Trevor Painter

Personal information
- Full name: Trevor Alfred Painter
- Date of birth: 2 July 1949
- Place of birth: Norwich, England
- Date of death: 9 April 2012 (aged 62)
- Place of death: Drayton, Norfolk, England
- Height: 5 ft 11 in (1.80 m)
- Position: Defender

Youth career
- 1966–1967: Norwich City

Senior career*
- Years: Team / Apps / (Gls)
- 1967–1970: Norwich City / 2 / (0)
- 1970–1971: Colchester United / 1 / (0)
- 1971–1974: King's Lynn
- Lowestoft Town
- Total:  / 3 / (0)

= Trevor Painter (footballer) =

English footballer

Trevor Alfred Painter (2 July 1949 – 9 April 2012) was an English footballer who played in the Football League as a defender for Norwich City and Colchester United.

==Career==

Born in Norwich, Painter had initially trialled at Ipswich Town but signed as an apprentice with Norwich City in May 1966. He was captain of both Norwich and Norfolk boys teams and made 103 reserve team appearances, but could only muster two Football League appearances between turning professional in 1967 and signing for Colchester United in 1970.

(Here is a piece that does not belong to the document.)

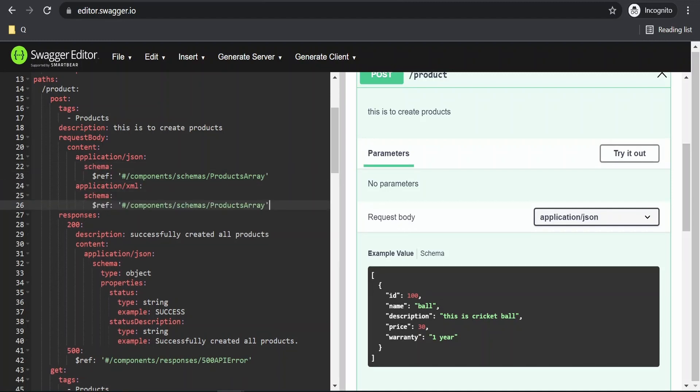This is one of the use cases of components. We don't have to repeat the schema definition again and again, so that we can have a schema once and we can refer it in multiple places.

Colchester manager Dick Graham signed Painter in April 1970, but he did not make his first (and only) appearance until December of the same year. The game was a 1–0 defeat at Layer Road to Chester City on 18 December.

He was released by Colchester at the end of the 1970–71 season, joining King's Lynn and spending three years with the club. He later joined Lowestoft Town but rarely featured. He became an insurance worker in Norwich following his full-time football career.

Painter died in Drayton, Norfolk, in 2012 at the age of 62.